*** Recorded information ***

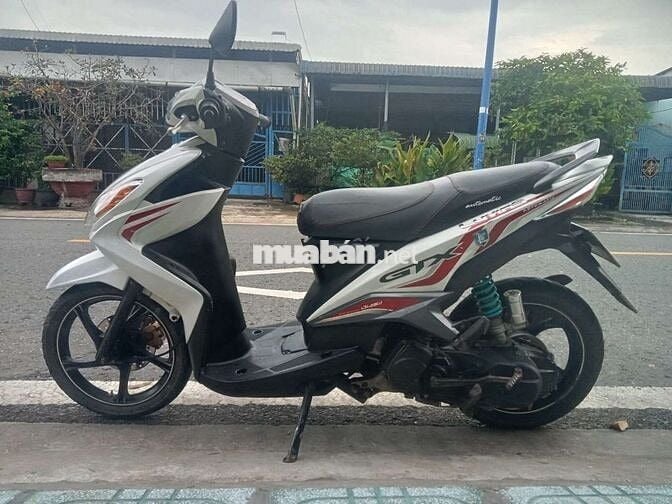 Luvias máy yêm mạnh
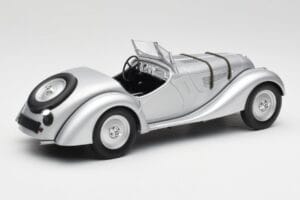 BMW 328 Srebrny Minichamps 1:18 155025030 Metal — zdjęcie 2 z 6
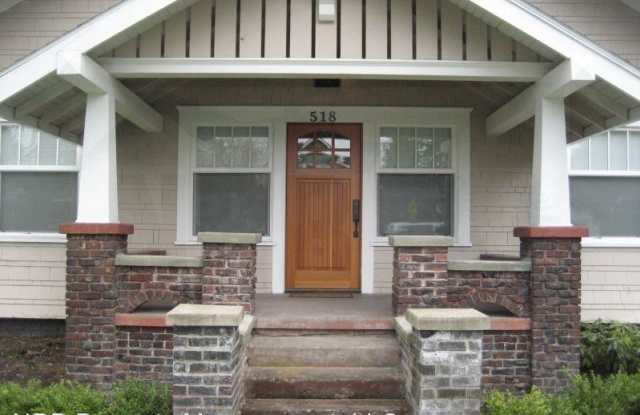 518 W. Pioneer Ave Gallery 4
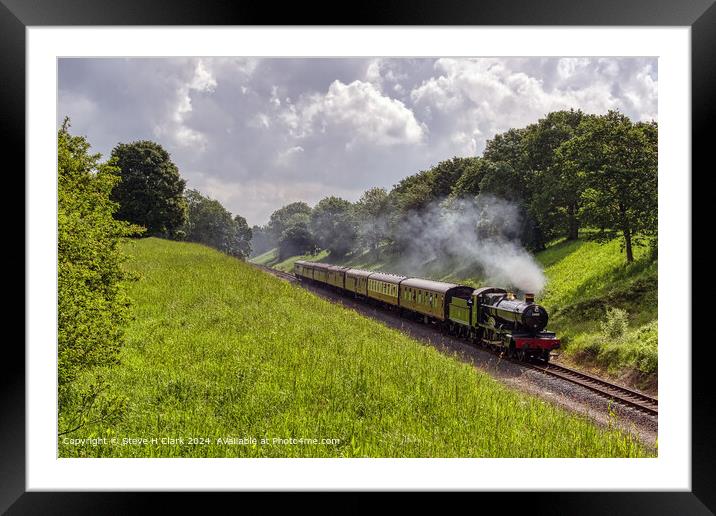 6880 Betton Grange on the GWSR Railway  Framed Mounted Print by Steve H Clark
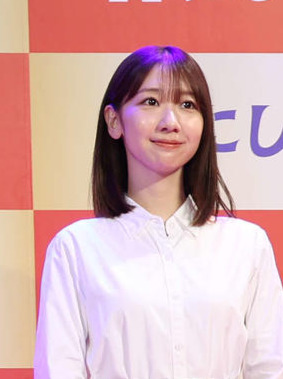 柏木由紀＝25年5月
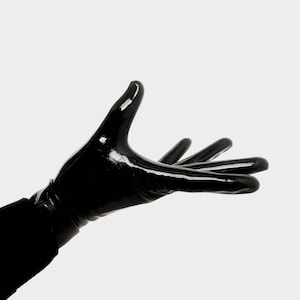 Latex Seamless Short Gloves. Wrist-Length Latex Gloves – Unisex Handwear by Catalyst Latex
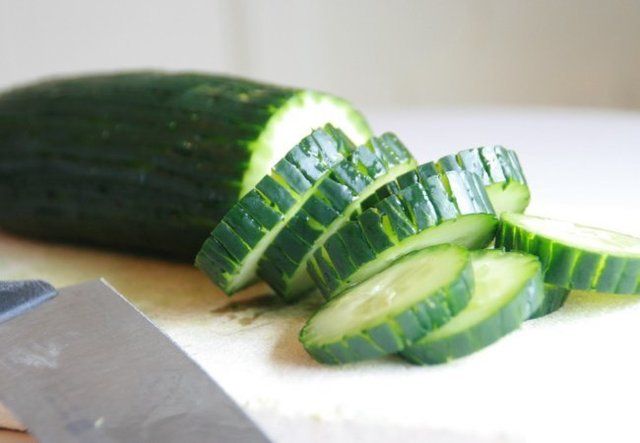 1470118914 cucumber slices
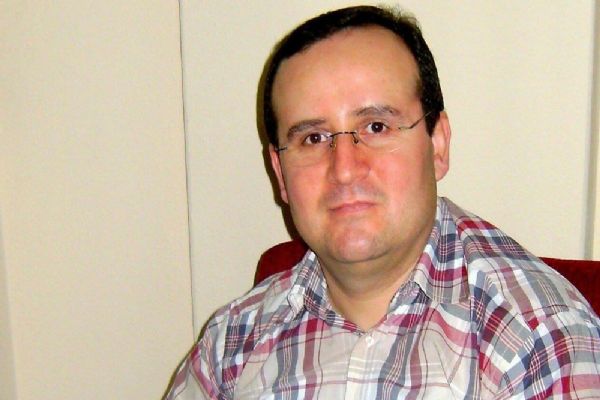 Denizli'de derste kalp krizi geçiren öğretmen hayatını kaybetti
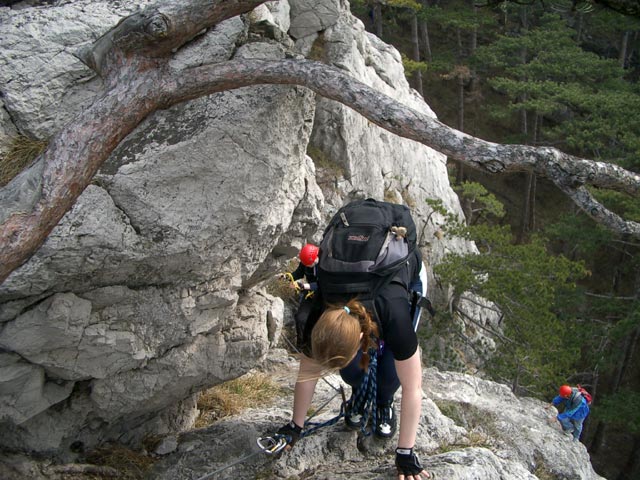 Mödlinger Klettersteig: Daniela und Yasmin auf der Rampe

*** End of Recorded information ***

Exercise →
Reproduce only the lines from the beginning of the data through the line that contains "1470118914 cucumber slices", both included, and please drop the pictures.

Written answer →
 Luvias máy yêm mạnh
 BMW 328 Srebrny Minichamps 1:18 155025030 Metal — zdjęcie 2 z 6
 518 W. Pioneer Ave Gallery 4
 6880 Betton Grange on the GWSR Railway  Framed Mounted Print by Steve H Clark
 柏木由紀＝25年5月
 Latex Seamless Short Gloves. Wrist-Length Latex Gloves – Unisex Handwear by Catalyst Latex
 1470118914 cucumber slices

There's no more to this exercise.